Childhood-Onset Schizophrenia is Challenging to Both Diagnose and to Treat

Childhood-onset schizophrenia (COS), like autism, is considered to be a developmental disorder involving the brain. It is characterized by onset of psychosis before the age of 13, typically preceded by co-occuring (comorbid) symptoms which overlap with those of autism spectrum disorders, affective disorders, behavior and attentional disorders, and often involves learning disabilities especially in the areas of speech and language. 99% of children with COS or childhood-onset schizoaffective disorder have comorbid diagnoses.

According to an article in the Psychiatric Times which discusses the challenges of diagnosing and treating childhood-onset schizophrenia, COS occurs in less than 1 in 10,000 children, and just 1% of patients with schizophrenia recieve the diagnosis of COS. It is 50 times more rare than adolescent-onset schizophrenia.

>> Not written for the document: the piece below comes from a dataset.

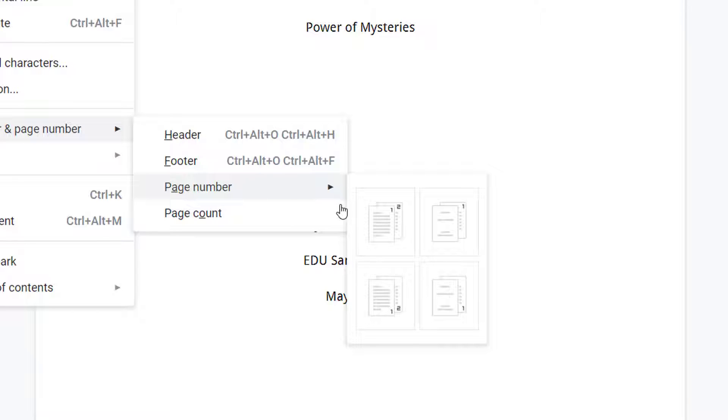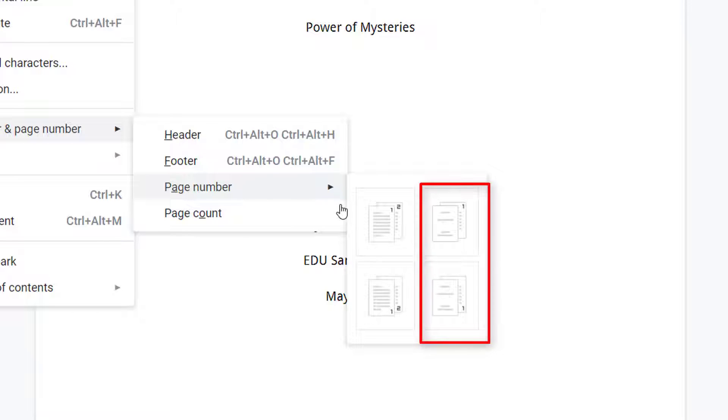Title pages are typically not included in page numbering, so if you have a title page like I do, you should choose one of the options where the first page is not numbered.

One aspect of COS which makes the early phases difficult to spot and diagnose is its insidious (slow) onset and the fact these children often have a multitude of other minor neurological abnormalities that are not specific to any one particular disorder.

The current criteria in the Diagnostic and Statistical Manual of Mental Disorders DSM-IV-TR for the diagnosis of COS is the same as for the diagnosis in adults with the exception of wording about academics and other childhood-related tasks.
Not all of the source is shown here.